ベアトリスの親が頼ったのは「指針の魔女」だった。「指針の魔女」は、悩み事や困り事を聞いて、その解決策を見いだす手伝いをする魔女で、その手段は魔女ごとに異なっている。ベアトリスの親は、この先ベアトリスにどう対処すべきか相談に行ったのだが、そこでの話から、ベアトリスの生活環境を大きく変えることの必要性に気づいたのだ。
ベアトリスの親は、渋る指針の魔女に頼み込み、指針の魔女とベアトリスの生活に必要な経済的支援をすること、指針の魔女がベアトリスに必要だと考えたことは全て行うことを確約し、ベアトリスを預けたのだ。

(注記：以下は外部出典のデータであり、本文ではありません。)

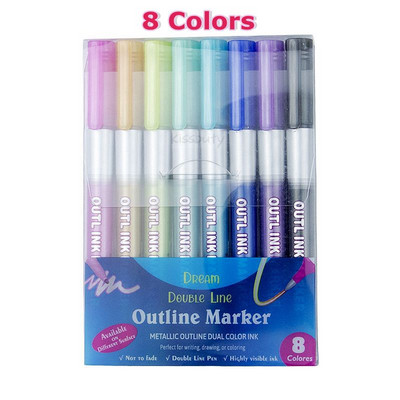 8/12 culori Contur vopsea Marker Glitter Pen Linii duble Art Markers Pixuri Highlighter Desen Scrapbooking Pictura Doodling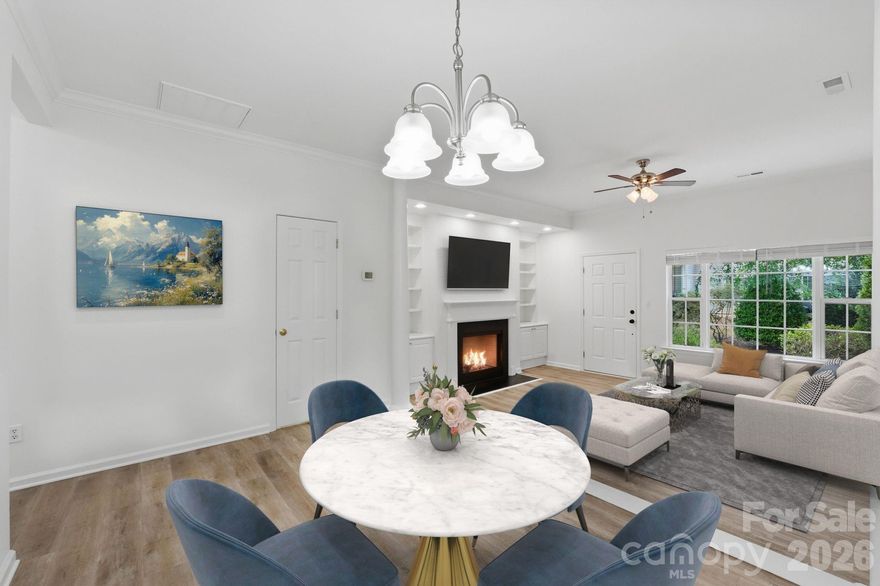 Move-in ready, and perfectly positioned in the heart of Steele Creek, this 2 bed, 2.5-bath townhome offers the ideal blend of comfort and everyday convenience. Step inside to find fresh paint throughout, and a kitchen that has been refreshed with new quartz countertops, new sink and faucet, and a new garbage disposal. 
Upstairs, both beds offer their own full baths. All baths feature new lighting, while additional updates include new hall lighting, new blinds, new smoke and carbon monoxide detectors, new locks, and a new storage room door (waiting for it to be delivered and installed). Located just minutes from I-485, I-77, RiverGate shopping, dining, grocery stores, etc. Community offers a fitness center, pool and recreation area. Water included in HOA dues. Airport only approx 15 minutes away.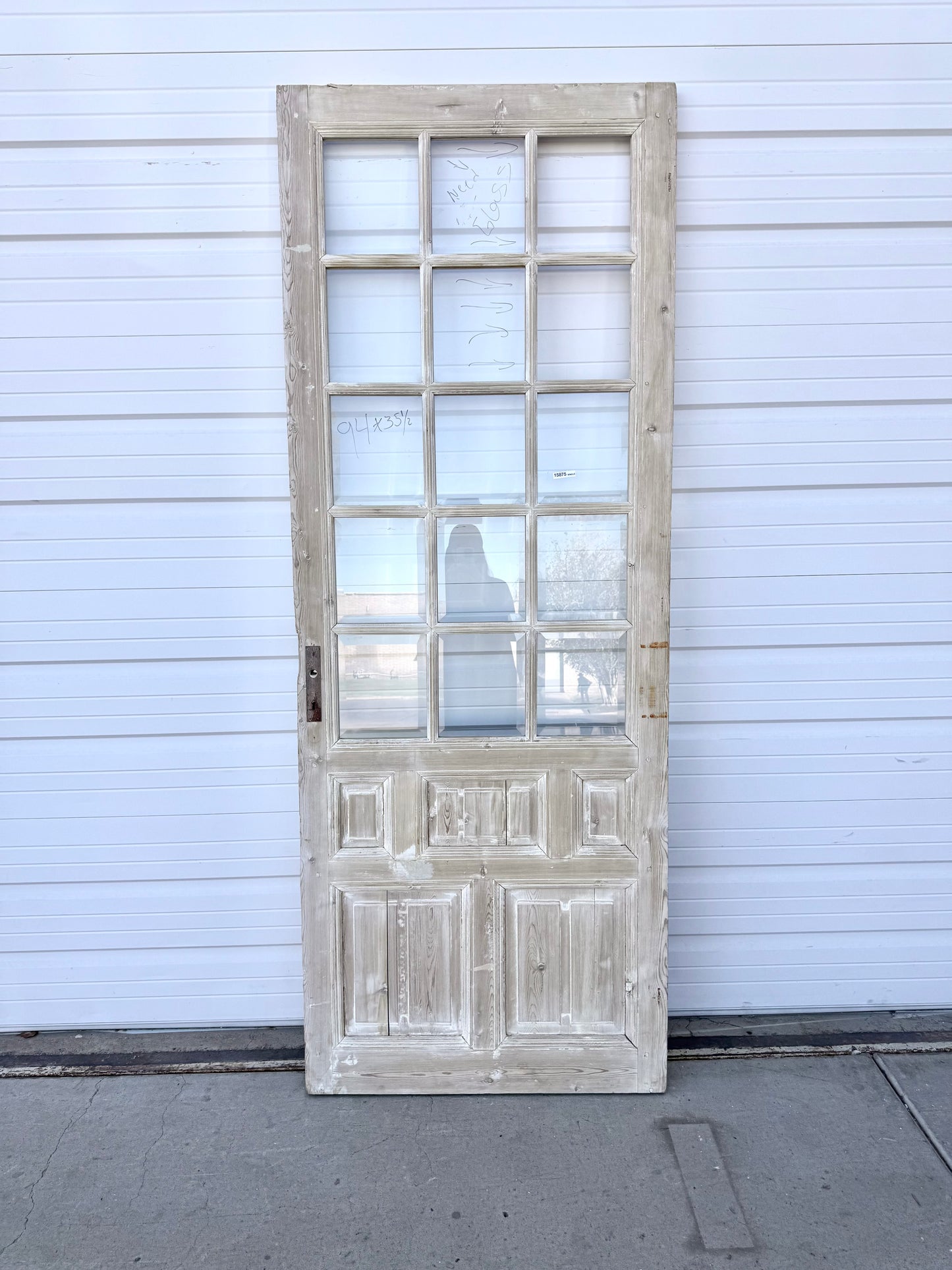 Single Washed Wood Door w/15 Lites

「ビー、お前が自分らしく生きられるようにするために、指針の魔女様の所でいろいろ学んでくるといい」
「ビーがつらくなったり、さみしくなったりしたら、いつでも帰ってきていいのよ」
親の言葉を聞いても、ベアトリスは親に対して申し訳ないとか、会えなくなるのがつらいとか、捨てられるのだろうかとか、考えることができなかった。ただ、自分が厄介払いされたのだろう、もうじきレルヒェの縁組みの準備が始まる中で、自分の存在がレルヒェの邪魔にならないようにしたいのだろう、としか思えなかった。